O imponente edifício é um exemplo ímpar da arquitetura colonial brasileira e um marco na história administrativa de Minas Gerais.

Os documentos do Arquivo Histórico da Câmara Municipal de Mariana (AHCMM) nos mostram que a construção se deu no local ocupado pelo Quartel dos Dragões da Vila de Nossa Senhora do Carmo (hoje Praça Minas Gerais). O quartel foi construído por ordenação do Rei Dom João V em 1719 e funcionou até 1744. O local escolhido era considerado nobre e digno de receber a construção de uma Casa de Câmara e Cadeia, sendo um dos pedaços de terra mais valiosos da recém-criada cidade de Mariana.

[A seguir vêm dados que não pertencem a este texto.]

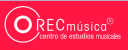 Instituto Rec De Musica Estudios Musicales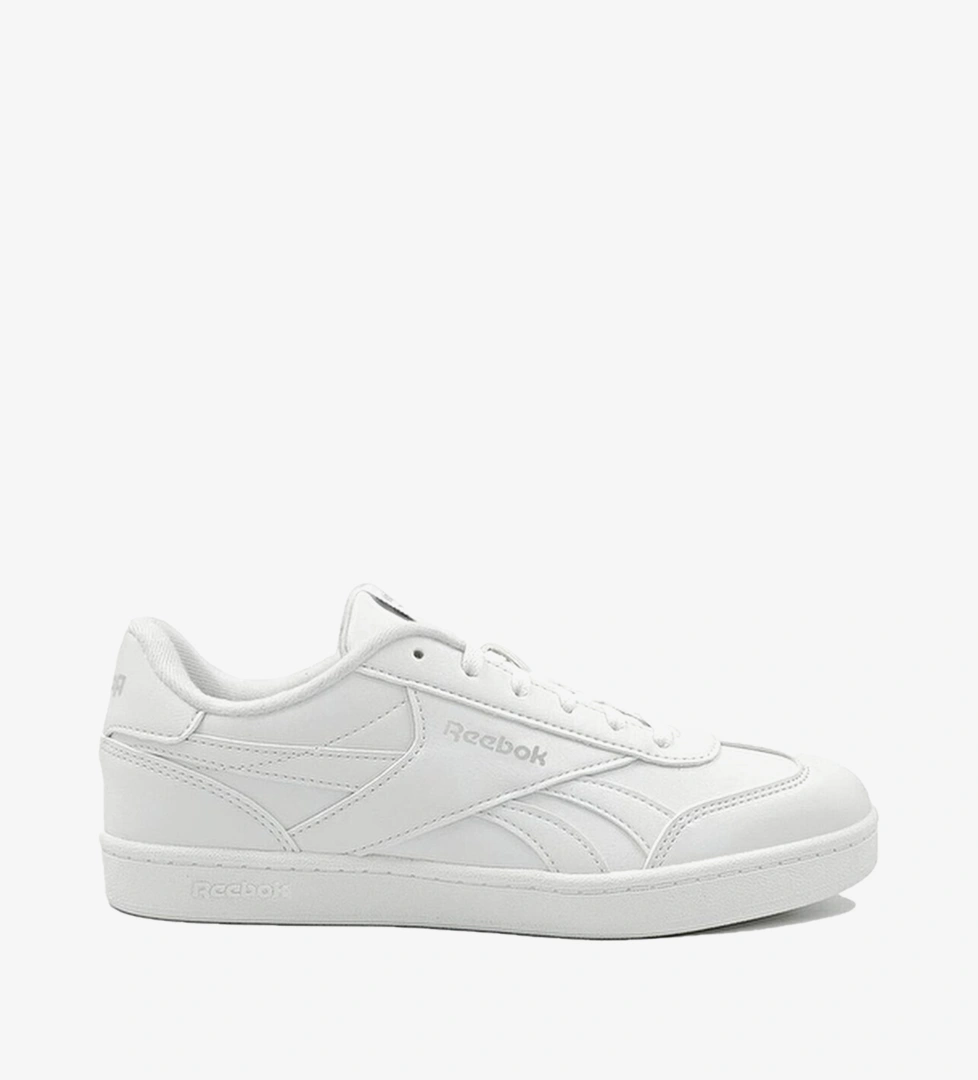 Reebok Beyaz Reebok Smash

O projeto de construção da Casa de Câmara e Cadeia de Mariana foi feito por José Pereira dos Santos, em 1762. A construção do edifício iniciou-se em 1768 e foi concluída em 1798, portanto foram gastos 30 anos para a conclusão da obra, que esteve sob a responsabilidade do mestre construtor José Pereira Arouca, um dos melhores e mais poderosos empreiteiros do século XVIII. Arouca executou e administrou várias obras relevantes como: igrejas, pontes, chafarizes, paredões, estradas e calçadas na cidade de Mariana e em várias Vilas do Ouro de Minas.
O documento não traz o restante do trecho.